Supplied data |
Content starts

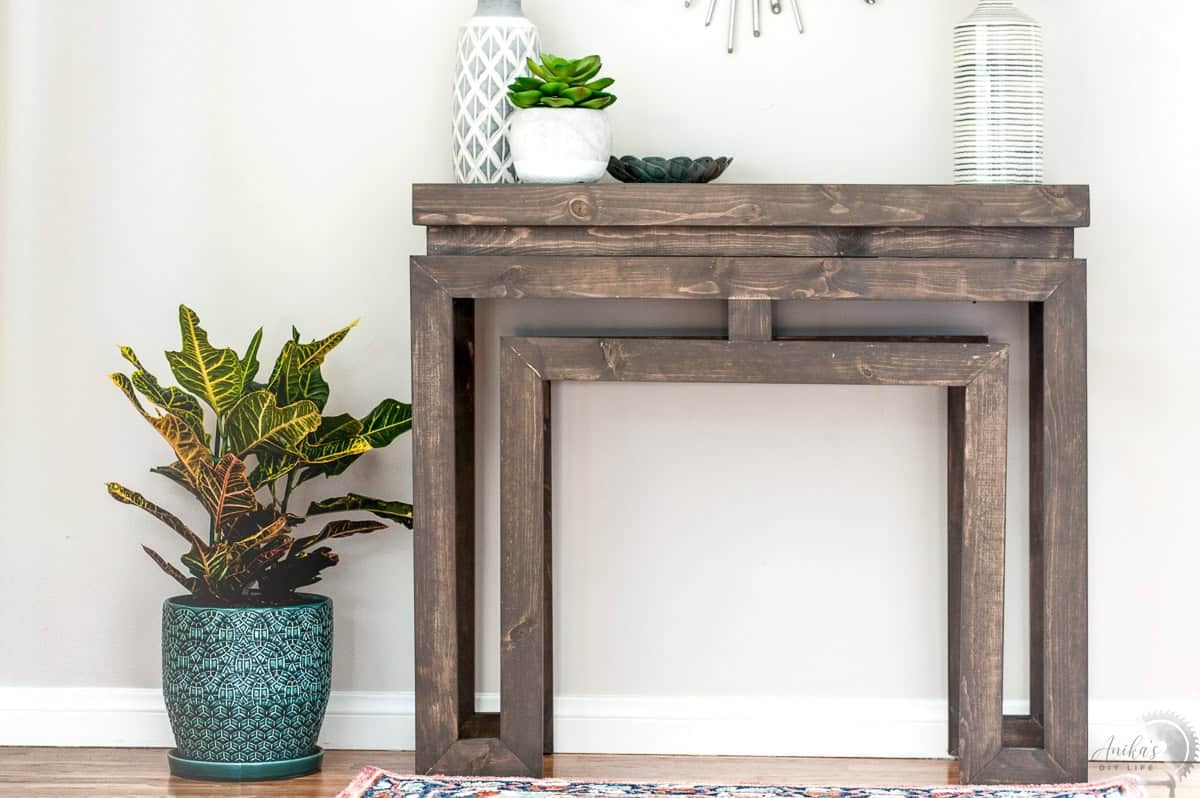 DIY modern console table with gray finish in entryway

Content ends
Content starts

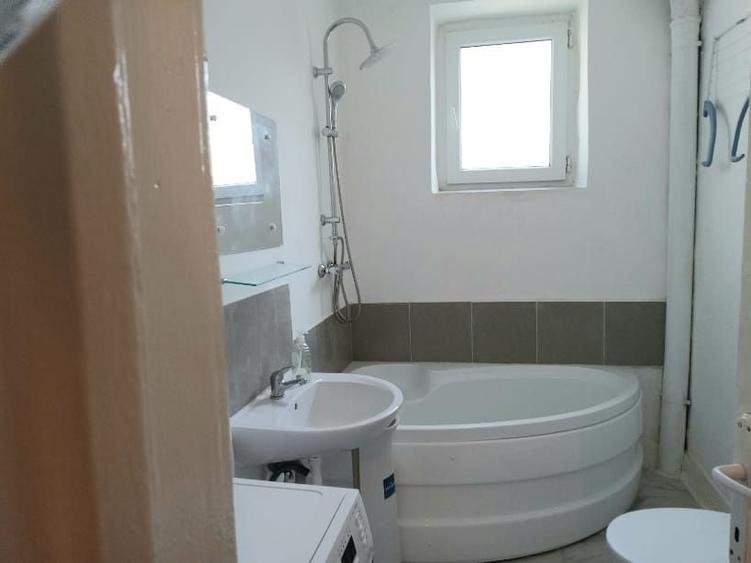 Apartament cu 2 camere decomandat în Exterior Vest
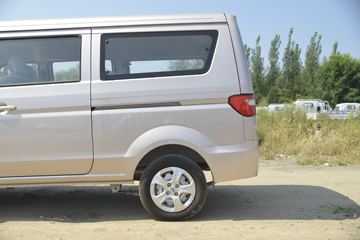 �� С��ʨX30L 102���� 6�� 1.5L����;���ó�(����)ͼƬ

Content ends

Although the records above contain pictures, the copy must not; set down exactly the lines from the one with "Apartament cu 2" up to and including the one with "102���� 6�� 1.5L����;���ó�(����)ͼƬ".

 Apartament cu 2 camere decomandat în Exterior Vest
 �� С��ʨX30L 102���� 6�� 1.5L����;���ó�(����)ͼƬ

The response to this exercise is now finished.